Shadow of the Lake is the epic track here, all 15-plus minutes of it. It is a track that opens with a staccato riff, before an emotive guitar melody leads into the gentle vocals. It is all underpinned by guitar arpeggios. What works well, is that there is a lot of open space in this track, with the rhythm section keeping time unobtrusively, leaving space for the vocals to be pre-eminent. At the four-minute mark the sound toughens up for a verse and chorus, after which the opening riff is repeated and improvised over by the keyboards. This makes a fine section before the re-entry of the vocals. It's a moody piece with a sense of darkness and, yes, even mystery. It's a magnificent track and sums up neatly how majestic and worthwhile this band and this compilation really are
Disc two, Unveil the Mystery, is a new compilation and takes a look at the band's later period, from 2007 to 2012. Again it takes music from three different albums; Beneath the Veil of Winter's Face, One Among the Living, and The World is a Game.

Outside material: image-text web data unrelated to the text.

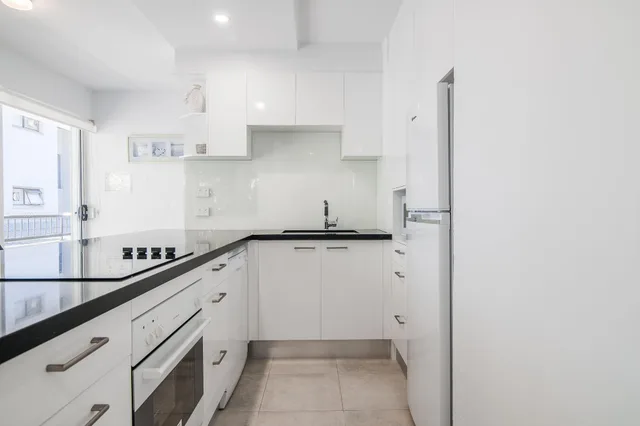 2 Bedrooms, Superior, Apartment, SAKS ON HASTINGS 8/8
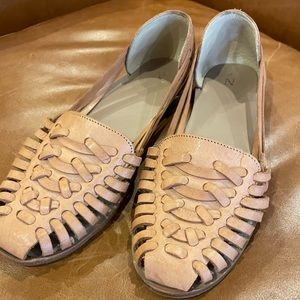 Nisolo Huarache Leather Sandals, size 8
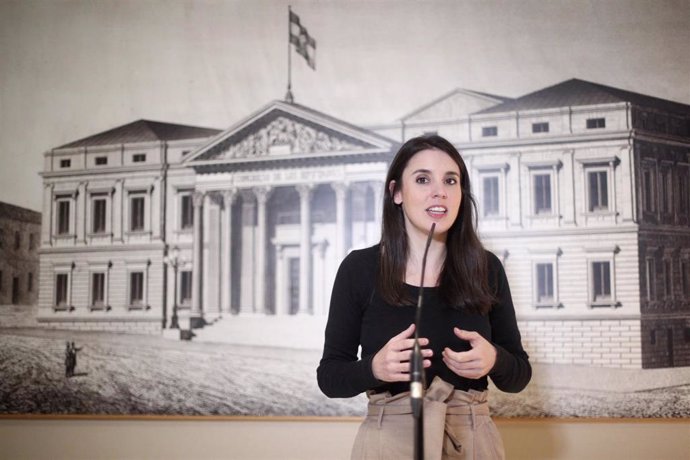 La portavoz de Unidas Podemos en el Congreso de los Diputados, Irene Montero, en rueda de prensa ante los medios tras la reunión de la Diputación Permanente del Congreso, en Madrid (España), a 22 de octubre de 2019.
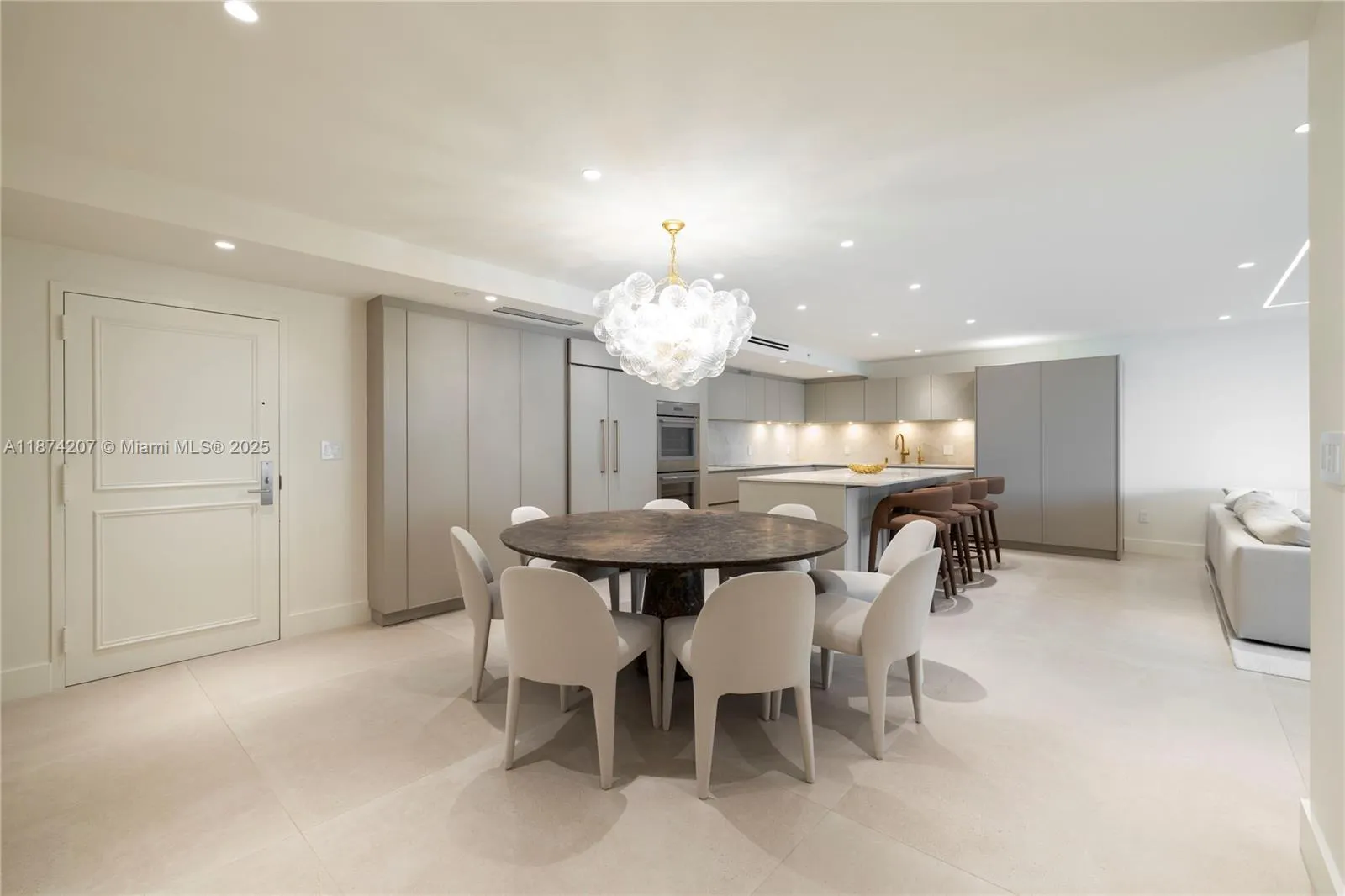 10205 Collins Ave, #603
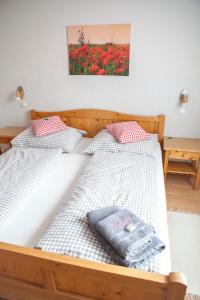 two twin beds in a bedroom with a picture on the wall at Gästezimmer Frühwirth in Teesdorf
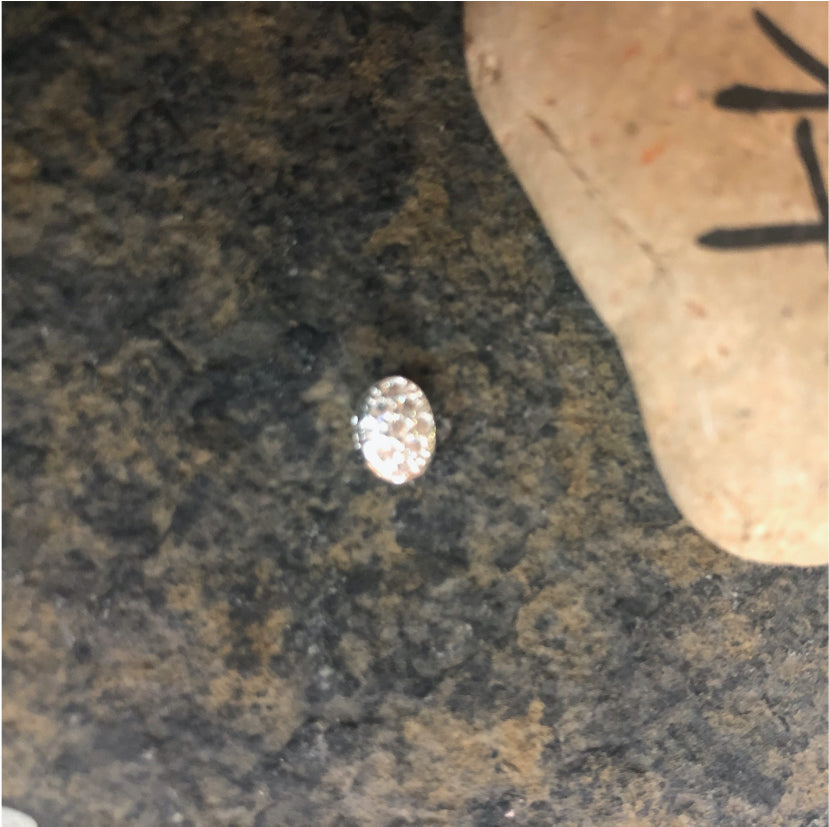 FP431 Ovalo Circones 7 x 5 mm Colgante o Conector Figura Baño Plata Figuras Bañadas en Oro y Plata hecho de Bronce Bañado en Plata 50 ml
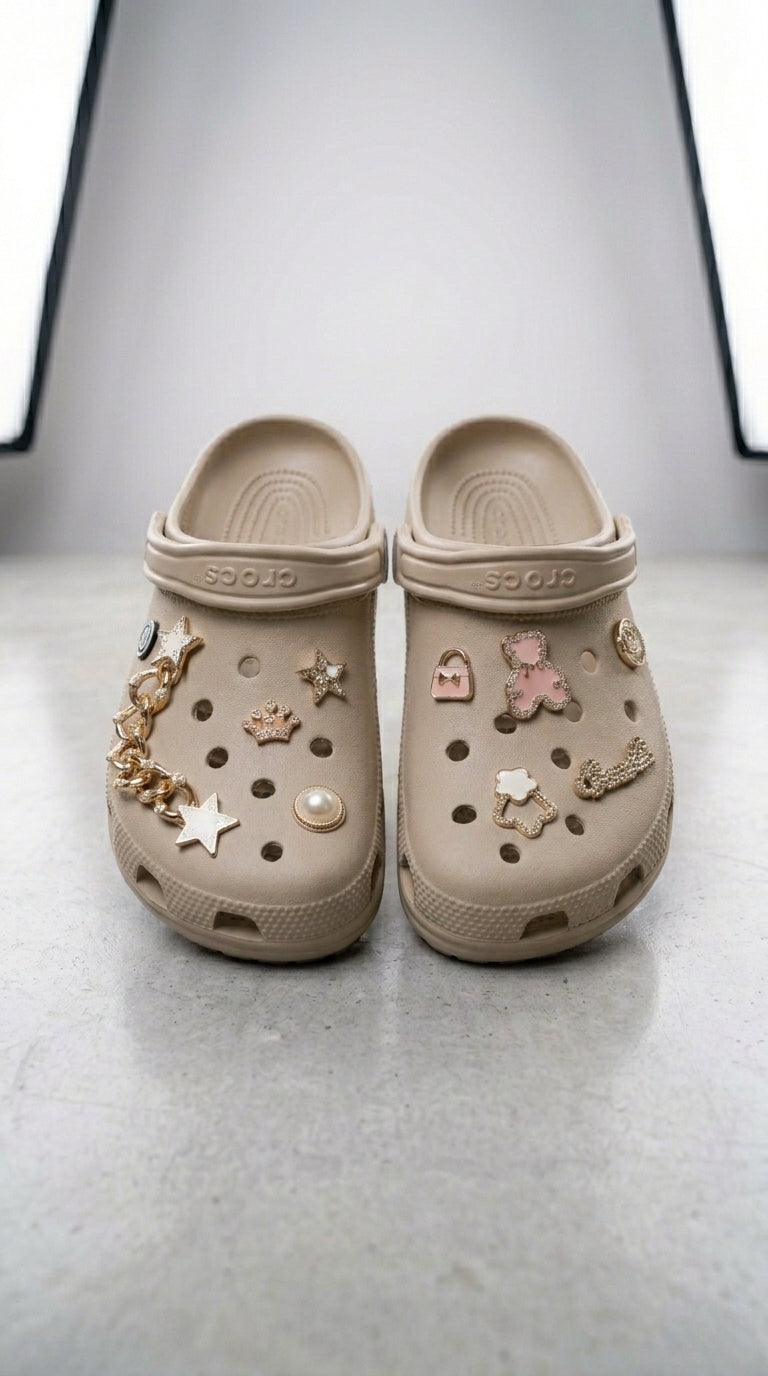 ✨ Crocs Charm Feminino Premium ✨  Transforme cada passo em estilo e personalidade! 💖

The big difference here is that the vocals are now handled by David Benoit (latterly of Yes' Fly From Here album) and he adds a different vocal style to the songs. What hasn't changed though, is the sheer quality of the music. Benoit's voice is magnificent throughout, swooping and soaring as needed. You can see why Yes chose him to cover for an ailing Jon Anderson.
Again the songs are not in album-by-album order, but all mixed in together, and again this seems to work just fine. What is noticeable here though is the step-up in quality of the material from their most recent album (The World is a Game), a fine example being Pride; all 11 minutes of it.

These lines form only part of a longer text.